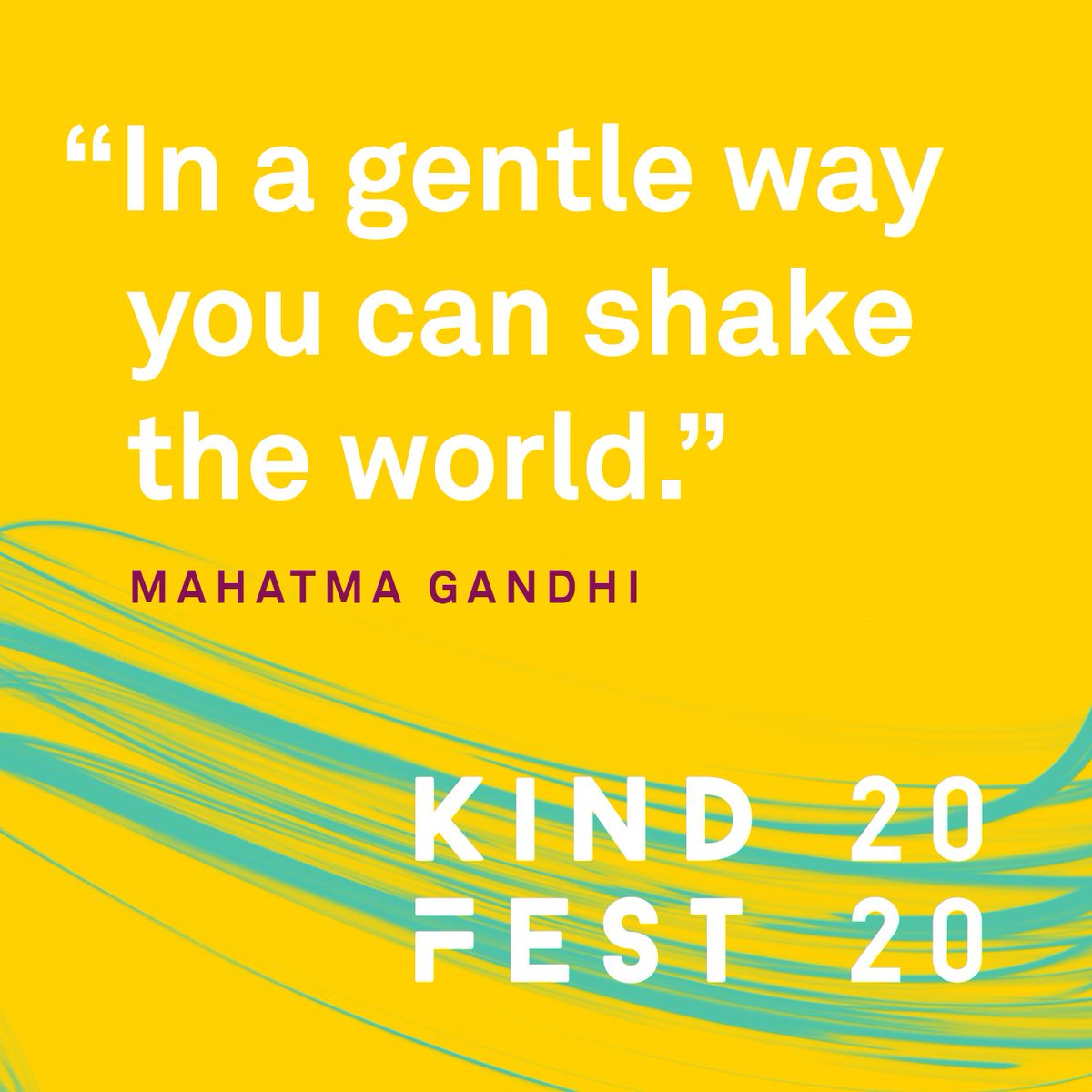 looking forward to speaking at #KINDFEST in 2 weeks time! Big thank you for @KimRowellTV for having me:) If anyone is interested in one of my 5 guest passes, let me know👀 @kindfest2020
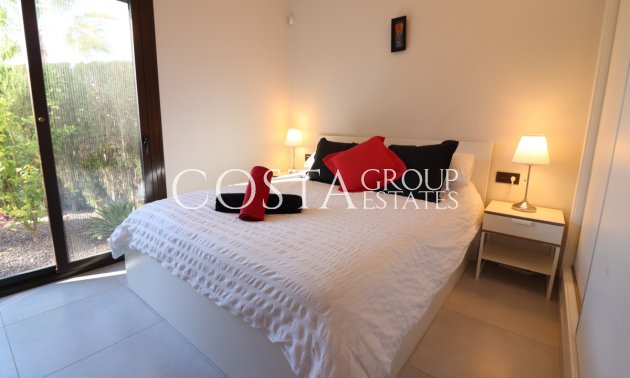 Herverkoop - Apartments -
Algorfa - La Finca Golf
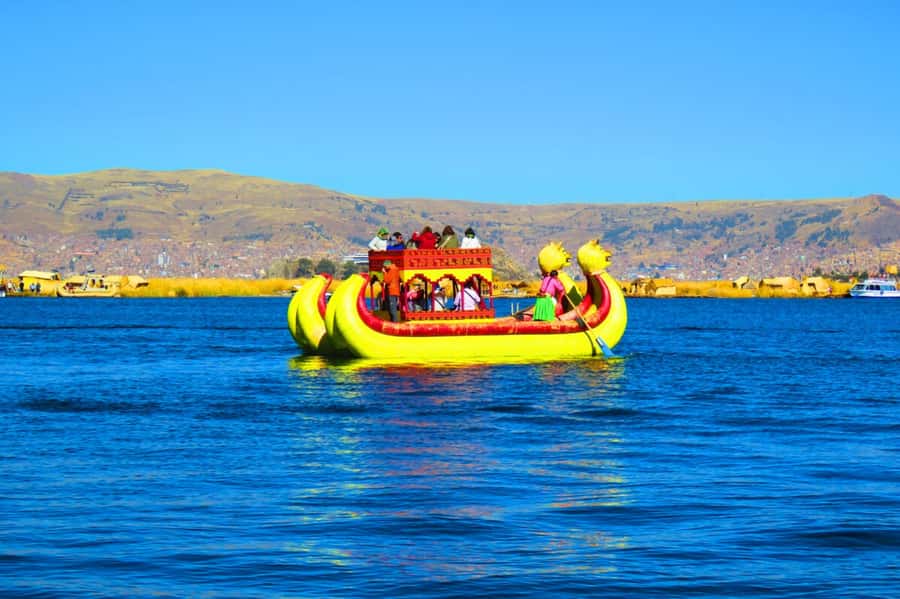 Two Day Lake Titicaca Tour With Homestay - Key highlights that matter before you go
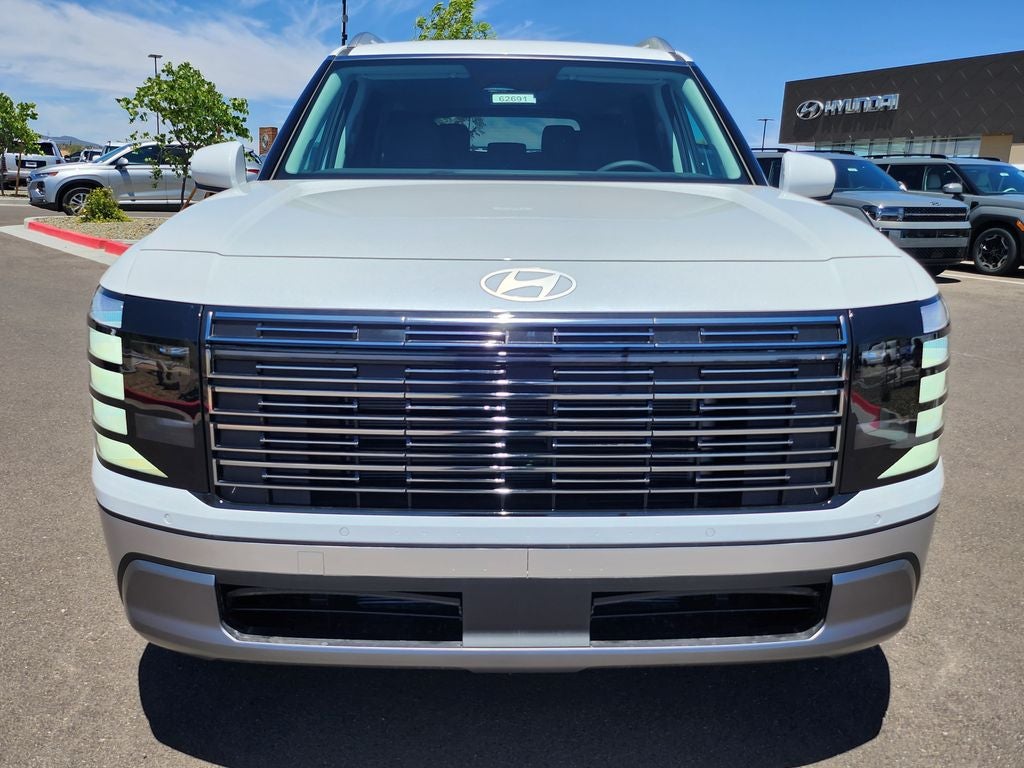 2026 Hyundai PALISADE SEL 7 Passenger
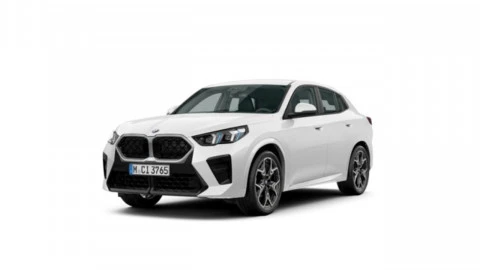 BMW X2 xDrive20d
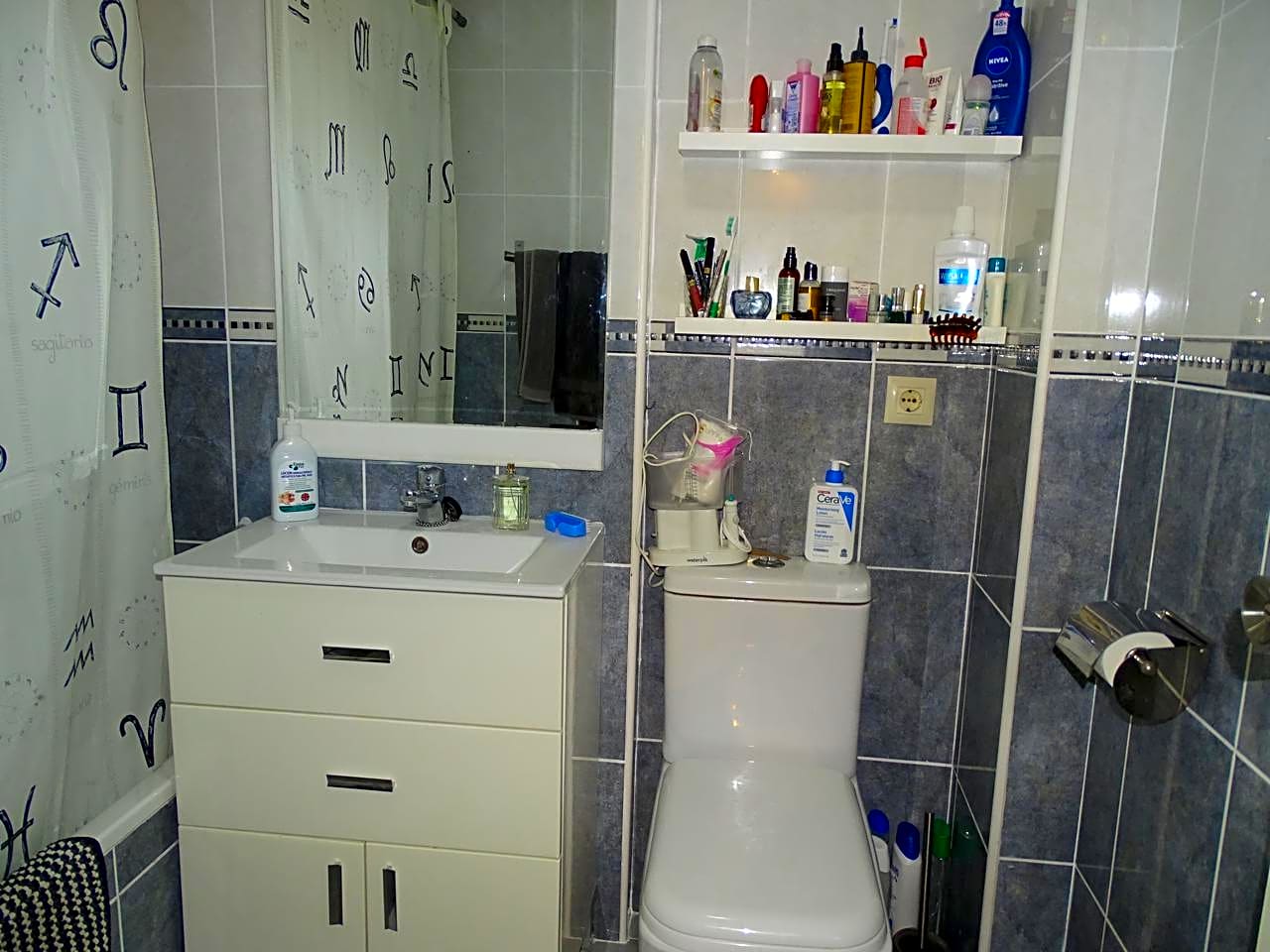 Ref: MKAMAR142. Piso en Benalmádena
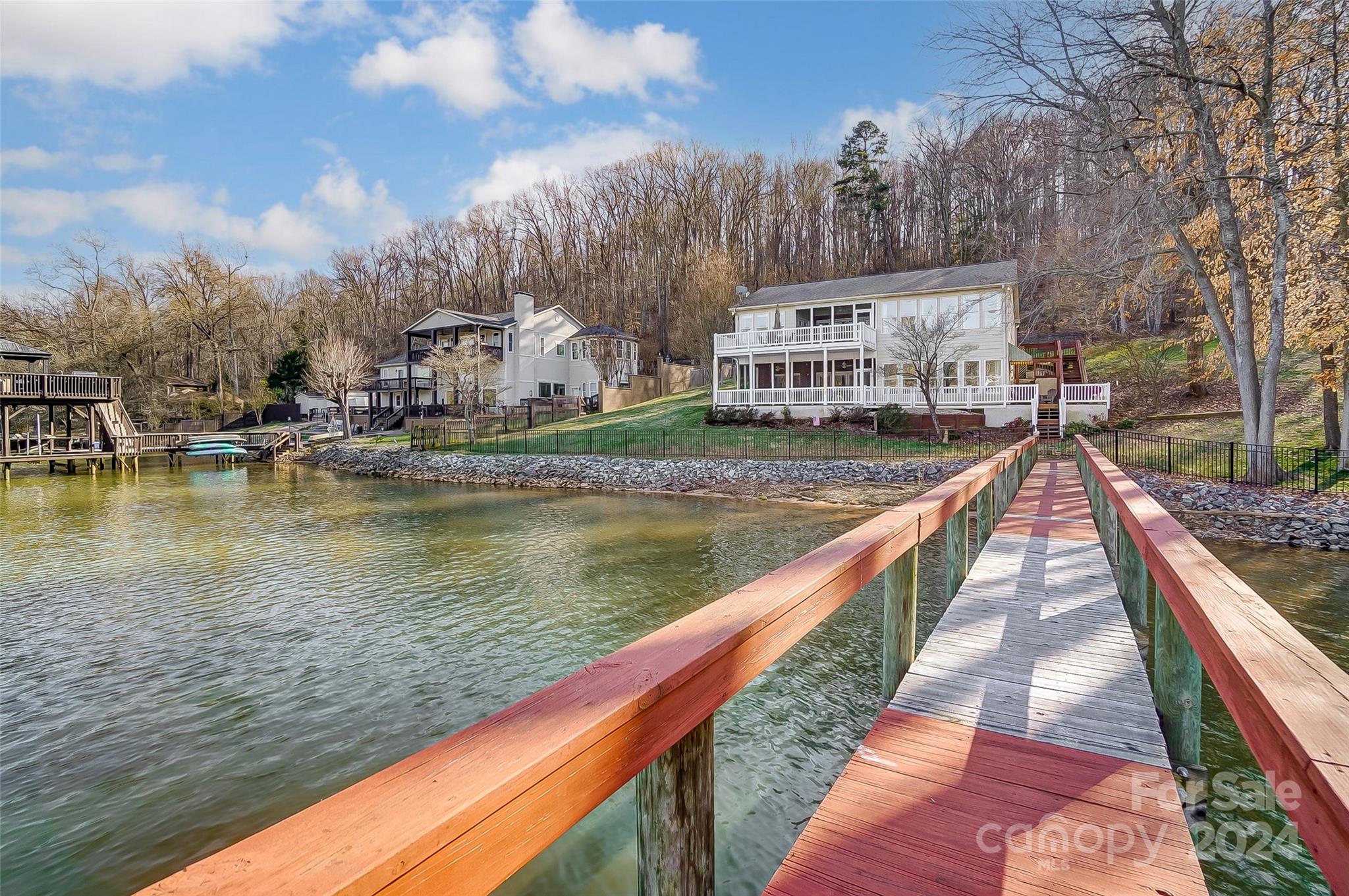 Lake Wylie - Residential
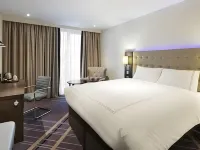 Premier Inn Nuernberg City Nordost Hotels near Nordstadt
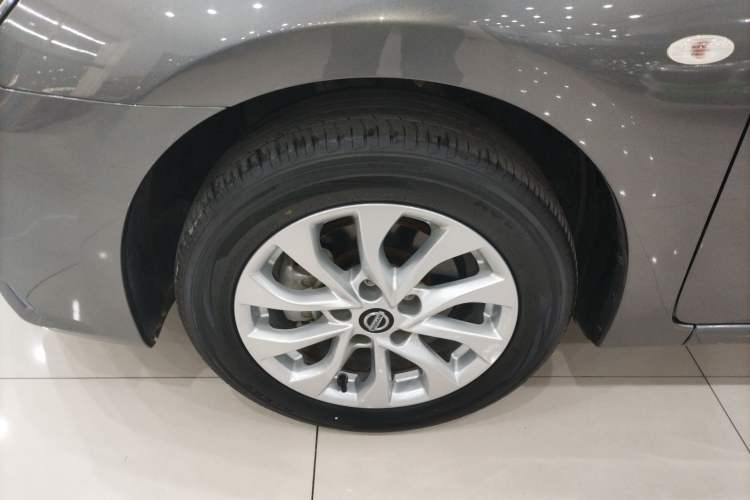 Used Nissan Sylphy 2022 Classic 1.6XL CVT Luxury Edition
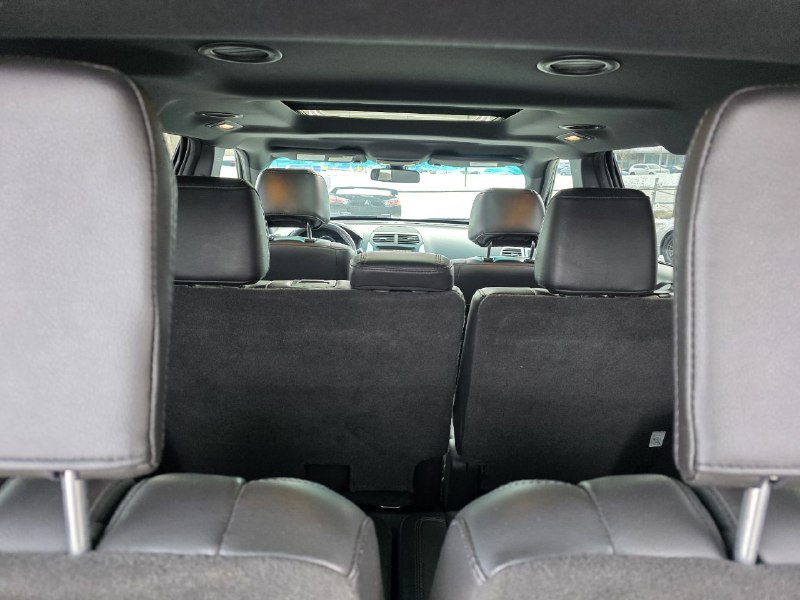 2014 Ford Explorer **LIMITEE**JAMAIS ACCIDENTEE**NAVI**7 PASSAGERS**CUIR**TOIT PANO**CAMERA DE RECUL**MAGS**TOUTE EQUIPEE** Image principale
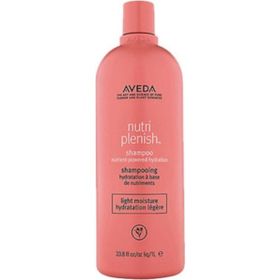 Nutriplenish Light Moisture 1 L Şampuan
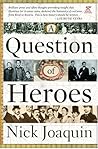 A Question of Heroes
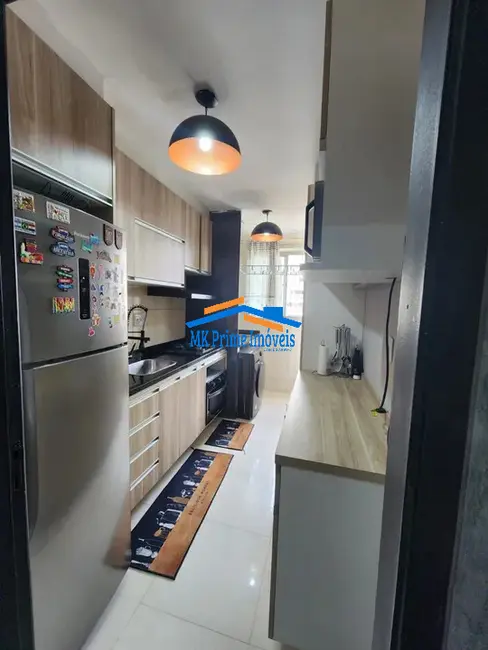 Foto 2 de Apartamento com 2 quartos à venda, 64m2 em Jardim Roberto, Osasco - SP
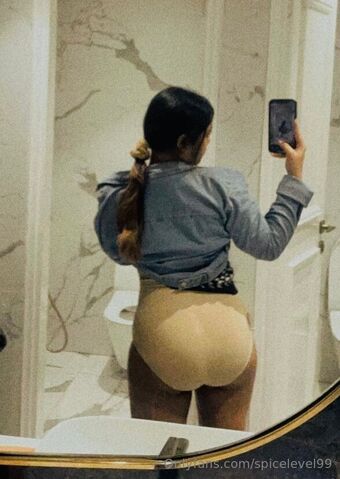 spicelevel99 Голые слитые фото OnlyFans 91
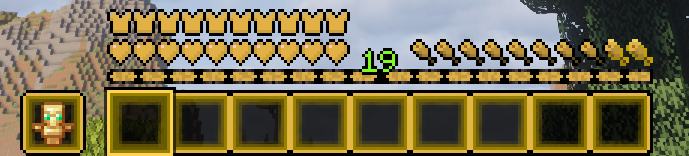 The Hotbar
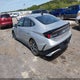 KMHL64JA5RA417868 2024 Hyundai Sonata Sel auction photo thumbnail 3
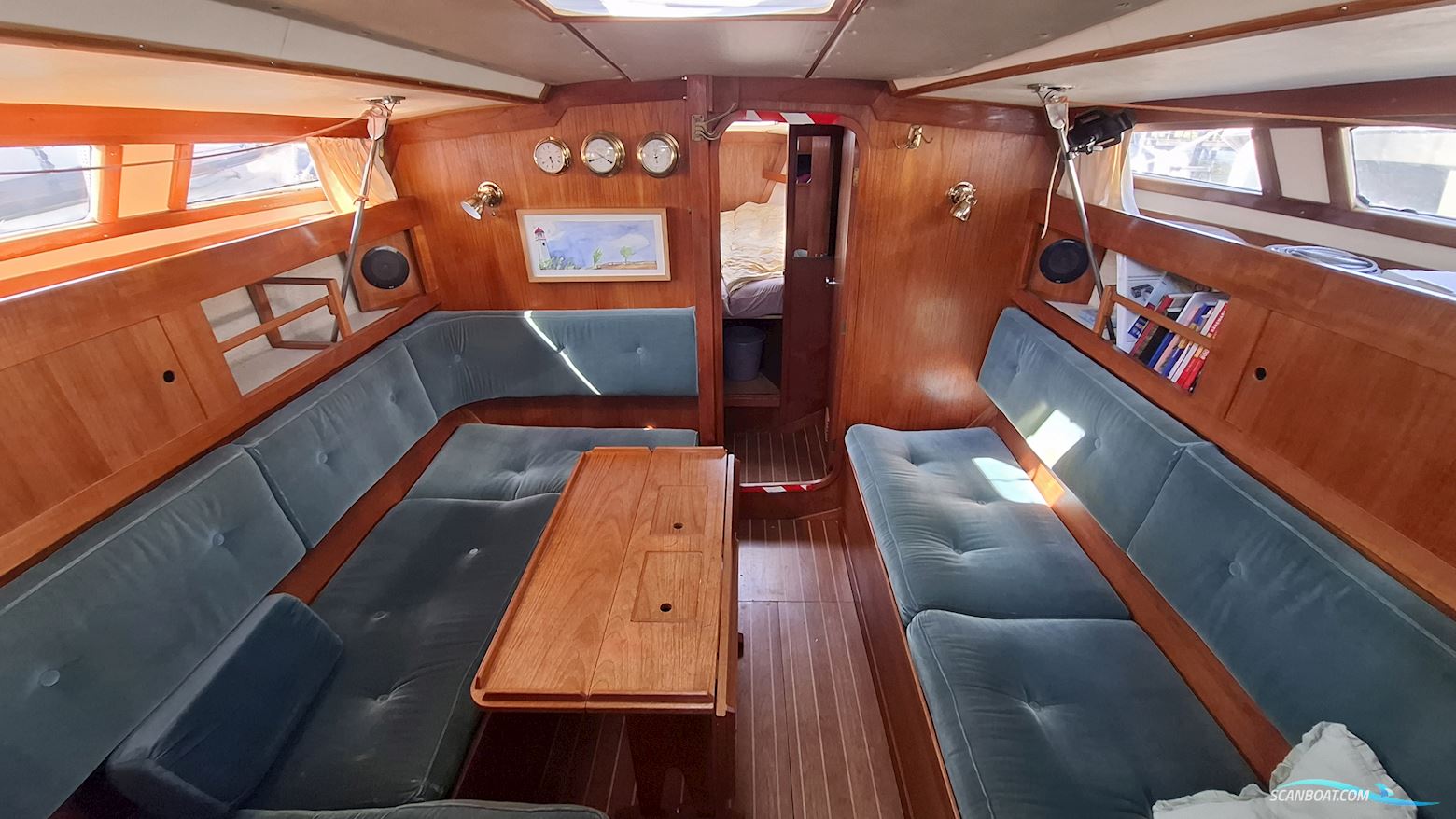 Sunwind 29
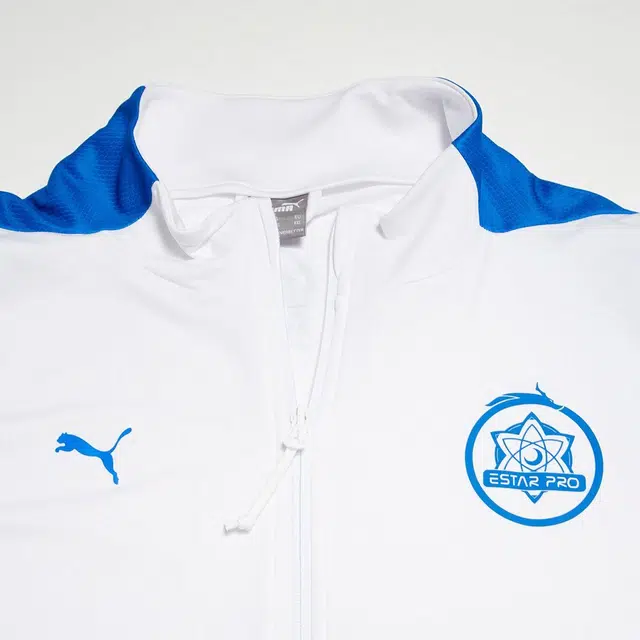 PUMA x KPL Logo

────

### EXERCISE PROMPT
Could you reproduce all of the data above exactly and skip any image?

### RESULT BELOW
 looking forward to speaking at #KINDFEST in 2 weeks time! Big thank you for @KimRowellTV for having me:) If anyone is interested in one of my 5 guest passes, let me know👀 @kindfest2020
 Herverkoop - Apartments -
Algorfa - La Finca Golf
 Two Day Lake Titicaca Tour With Homestay - Key highlights that matter before you go
 2026 Hyundai PALISADE SEL 7 Passenger
 BMW X2 xDrive20d
 Ref: MKAMAR142. Piso en Benalmádena
 Lake Wylie - Residential
 Premier Inn Nuernberg City Nordost Hotels near Nordstadt
 Used Nissan Sylphy 2022 Classic 1.6XL CVT Luxury Edition
 2014 Ford Explorer **LIMITEE**JAMAIS ACCIDENTEE**NAVI**7 PASSAGERS**CUIR**TOIT PANO**CAMERA DE RECUL**MAGS**TOUTE EQUIPEE** Image principale
 Nutriplenish Light Moisture 1 L Şampuan
 A Question of Heroes
 Foto 2 de Apartamento com 2 quartos à venda, 64m2 em Jardim Roberto, Osasco - SP
 spicelevel99 Голые слитые фото OnlyFans 91
 The Hotbar
 KMHL64JA5RA417868 2024 Hyundai Sonata Sel auction photo thumbnail 3
 Sunwind 29
 PUMA x KPL Logo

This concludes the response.